The thing about dreams is they can make you look at something differently, see someone in a different light, or just give you a general feeling of unease. A little bit ago, for the span of about a month and a half, I had no less than six tornado dreams. Sometimes it was just a small player, sometimes it was the main show. But it happened enough that it kind of started to freak me out.
So with this in mind, you can imagine my feelings last night when the weather people were reporting DOOM AND GLOOM! I didn’t like it one bit. I didn’t want any part of it. The thought of losing everything we own to a big wind funnel, well, makes me sick to my stomach. Add to this two sleeping children and an unfinished (and kind of icky) basement, and I’d worked myself up.
Chris and I spent about 45 minutes getting everything ready – which included making a palate on the concrete floor, searching all through the house for our one flashlight, then settling on Sebastian’s tractor one that made engine noises when you turned it on. Chris boarded up a basement window that was cracked, just in case, and filled up some water bottles for us.
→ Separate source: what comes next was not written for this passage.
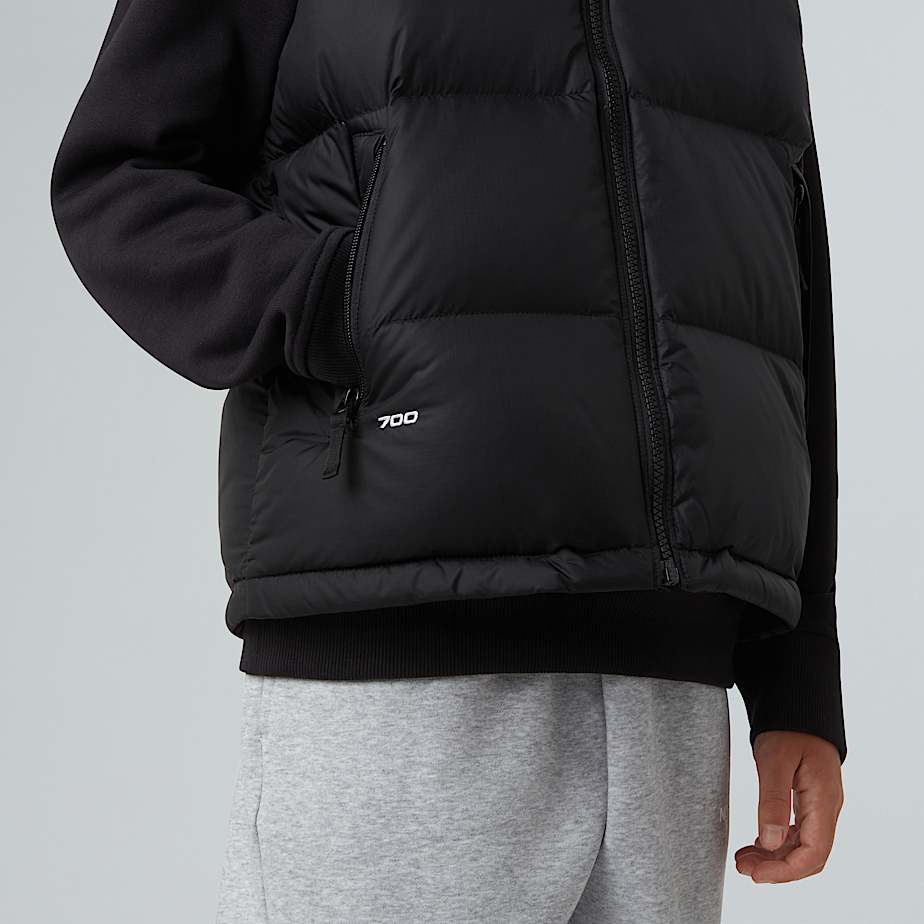 Teens' 1996 Retro Nuptse Gilet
I gathered diapers and changes of clothes for the kids and spent a little too long wishing I’d taken a shower just in case the house is destroyed and we have to spend days living outside because we have nowhere else to go (we do have somewhere else to go, but the brain isn’t always rational, you know?).
“I really don’t want to do this” I kept saying. Over and over. But in my defense, I really didn’t want to do it.
I stayed up as late as I could, watching weather reports, looking online at radar maps, then around midnight I couldn’t keep my eyes open anymore and went to bed.
The sirens went off at 12:30 so I jump up, ready for action, but even then we were debating whether or not to get the kids out of bed.
“Better to be safe than sorry,” we said.
I snuck into Sebastian’s room to pick up the feather blankets that were in his closet (because of course they were), then finished making our floor-bed downstairs.
Chris picked up Sebastian and carried him downstairs and I got Adele, praying for her to stay asleep. We all lay down, Sebastian and Chris falling asleep super-fast (how do you sleep through the END OF THE WORLD TORNADO?) I just lay there on my back with Adele on my chest, waiting for the storm to hit.
There was a little bit of wind and rain, but I wouldn’t even have classified it as a bad storm. At 1 I start trying to wake up Chris, nudging him gently since Sebastian is in between us and I’m also trying to keep Adele from rolling off me. That didn’t work so I started repeatedly shoving him with my hand and finally he pops his head up, still mostly asleep. Once I get him aware that we need to get up and put the kids back in bed so we can all get some sleep, we do just that. And since, really what would a fake tornado freak-out night be without one more issue, Adele wakes up at 4:30 in the morning.
To sum up – HYPE-HYPE-HYPE-THE TORNADOES ARE COMING!!!!! And then not so much.